# Introduction

The solution is adapted from the implementation of a DECI model in the causica library, which can be found [here](https://github.com/microsoft/causica/blob/b3c79a01f30f44ed36c582ffe2b4522058d82a73/causica/models/deci/deci.py), with an associated paper of the original model [here](https://arxiv.org/abs/2202.02195).

The solution is GNN-based, DECI being a generative model that employs an additive noise structural equation model to capture the functional relationships among variables and exogenous noise, while also learning a variational distribution.

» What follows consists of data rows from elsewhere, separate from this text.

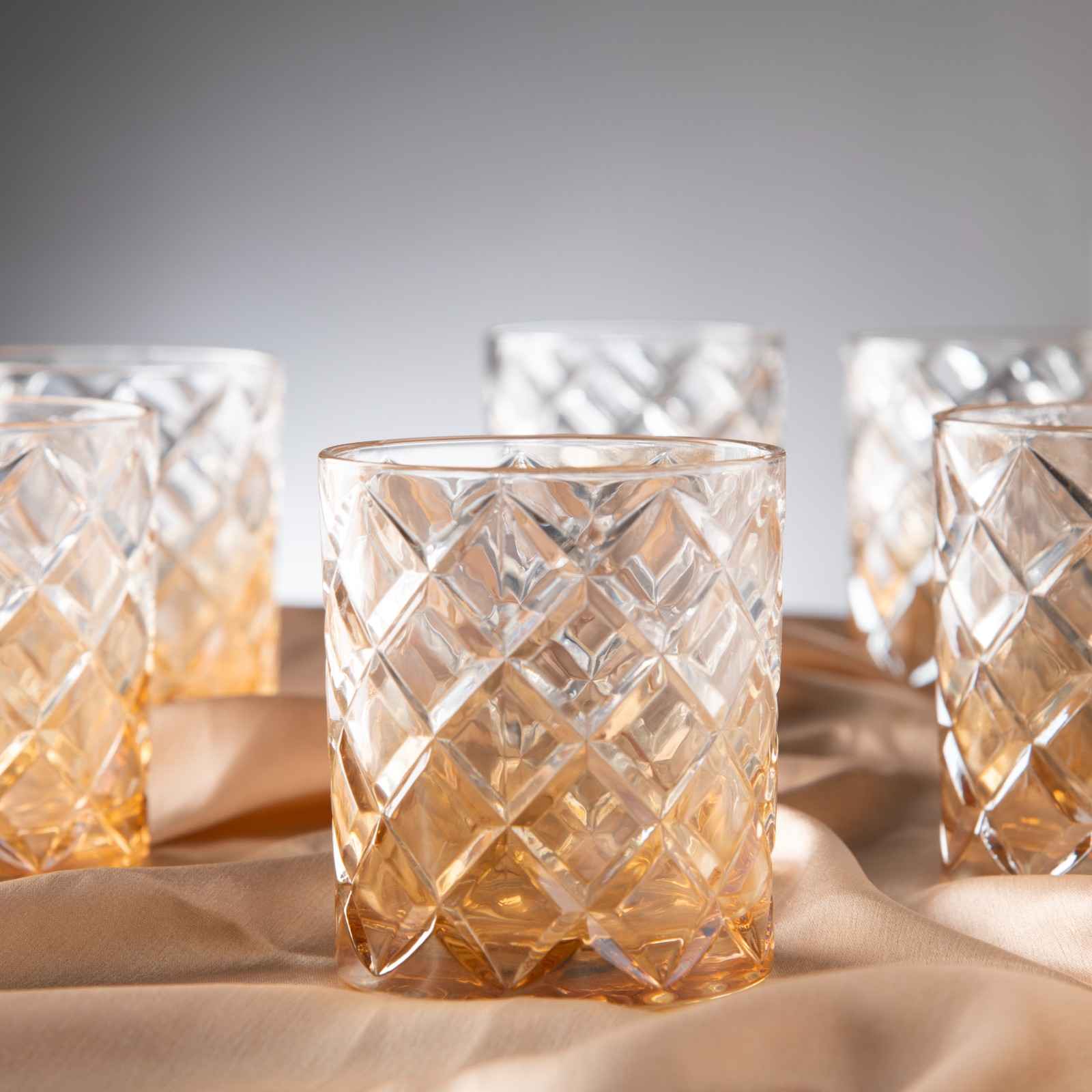 Ethereal Amber Crystal Tumbler - Set of 6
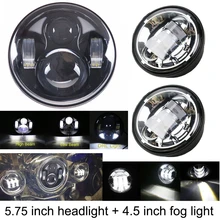 5.75 Inch LED Headlight High/Low Beam with DRL + 4.5 inch Fog Lights for Harley Motorcycle (3 PCS)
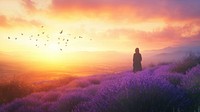 Silhouette of an individual standing lavender birds sky.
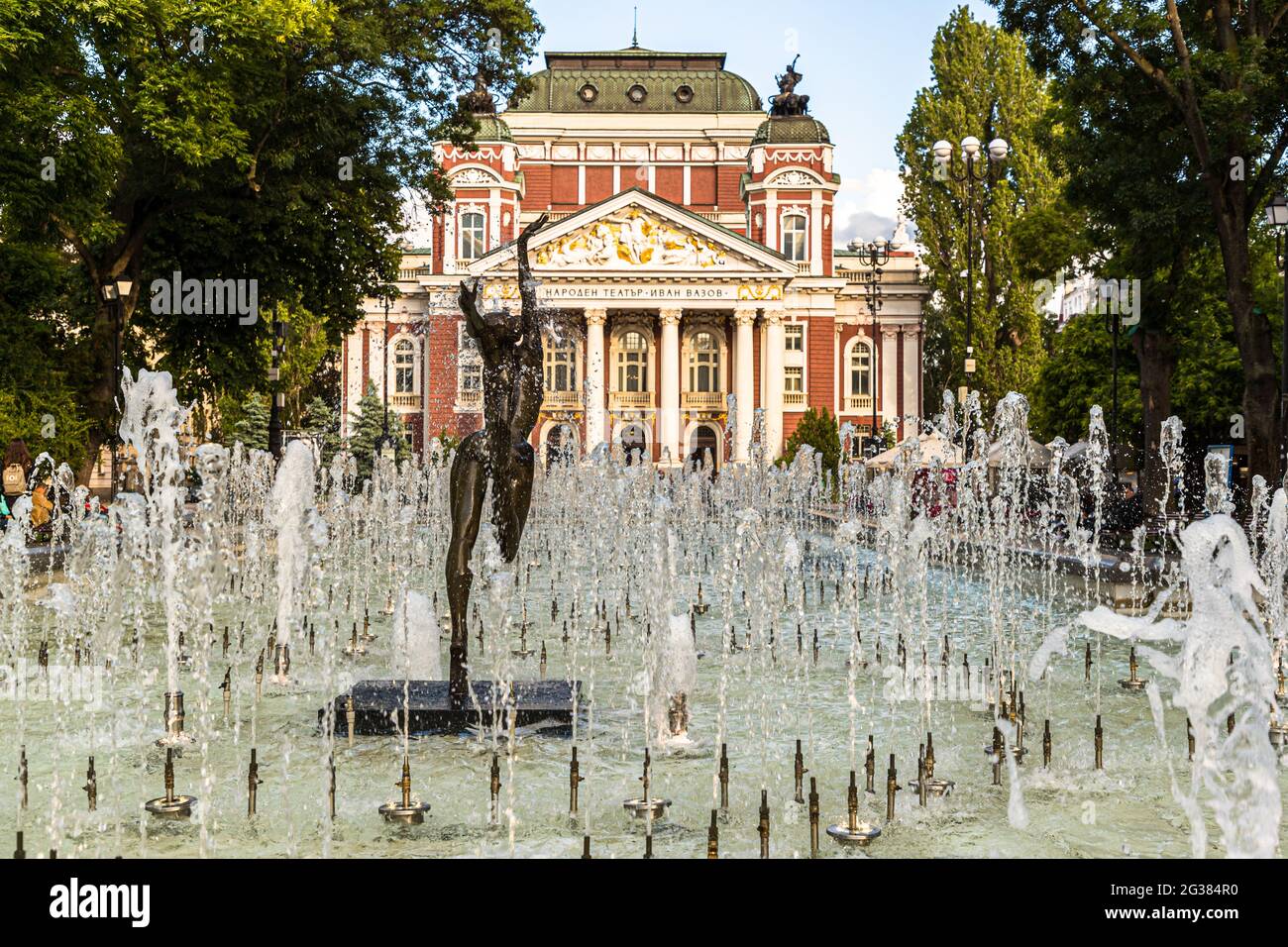 Fountain in front of the Ivan Vazov Theater in Sofia, Bulgaria Stock Photo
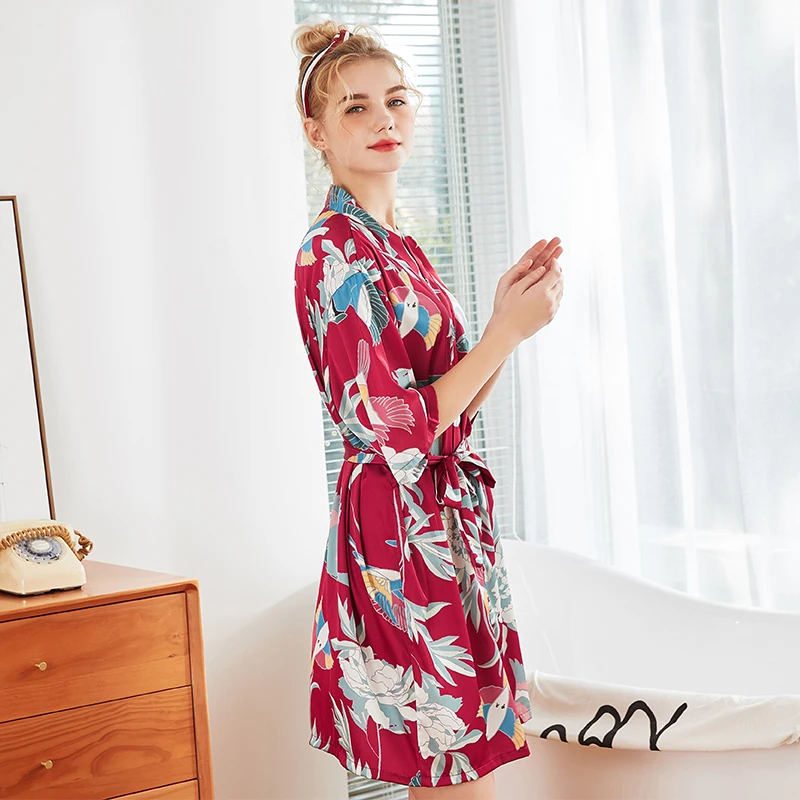 Лидер продаж большие размеры Женский банный халат модная одежда для сна с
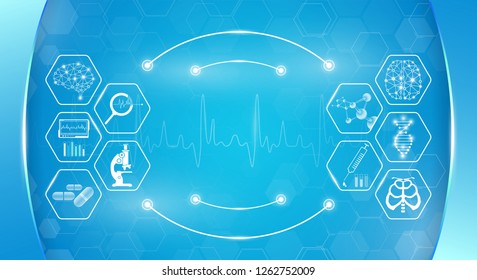 abstract background technology concept in blue light,brain and human body heal ,technology modern medical science in future and global international medical with tests analysis clone DNA human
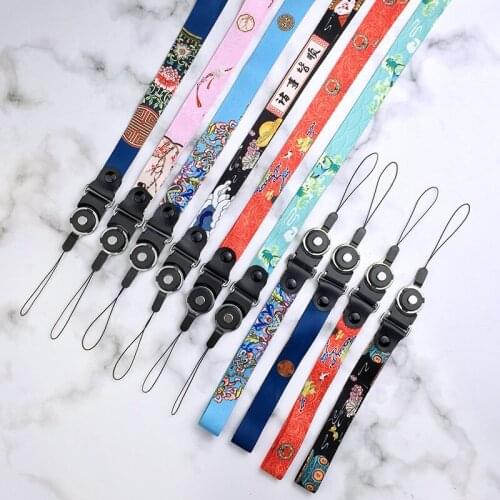 40pcs Fashion Chinese Style Long Neck Lanyards Short Wristband Lanyards for Phone Straps Mobile Phone Accessories DIY Pendant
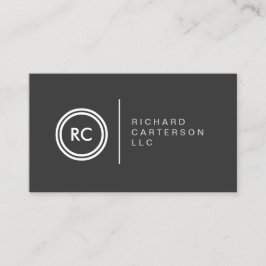 Visita SEU LOGOTIPO INICIAL na CINZA DK Nº 2 Cartão de vi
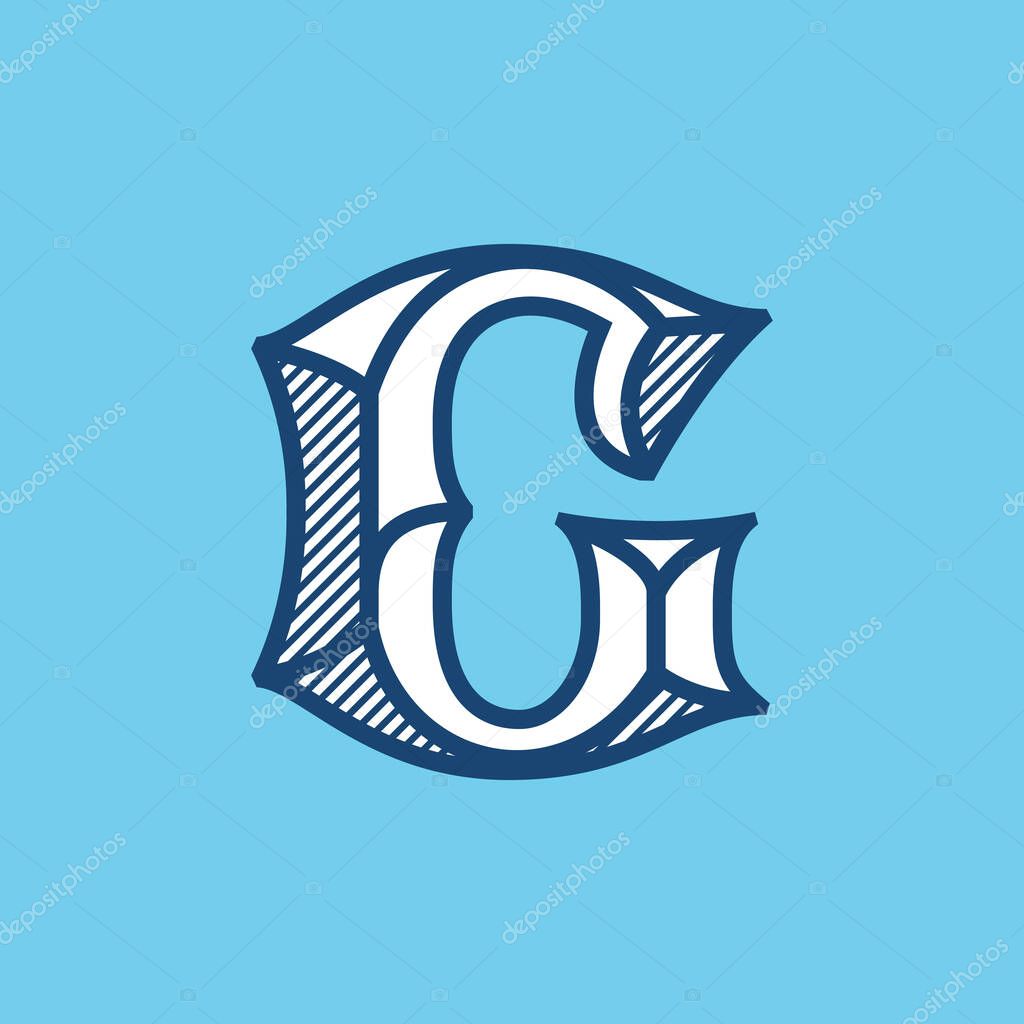 Decorative vintage G letter logo. Blackletter font perfect to use in any alcohol labels, retro style logos, circus posters, luxury identity, etc.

It is designed to perform causal inference without background information about the causal graph.

The relationships are learnt through flexible neural networks, while the noise can be modeled either as a Gaussian or a spine-flow model. It is considered a generative method, since it essentially evolves from exogenous noise to observations.

Both a mean-field approximate posterior distribution, and the functional relationships, are learned by optimising an evidence lower bound (ELBO).

The implementation itself is based on the popular torch library, and on the causica library, following these steps: it creates prior distributions over directed acyclic graphs (DAGs), it also creates variational posterior distributions over the adjacency matrices, a GNN, for representing functional relationships, and a noise distribution for each node, these last three components being the ones to be optimized. These components are gathered in a structural equation model (SEM), which will be optimized with different learning rates for each module. An Augmented Lagrangian scheduler is employed, that will optimize towards a DAG. The result of the training process will be the adjacency matrix.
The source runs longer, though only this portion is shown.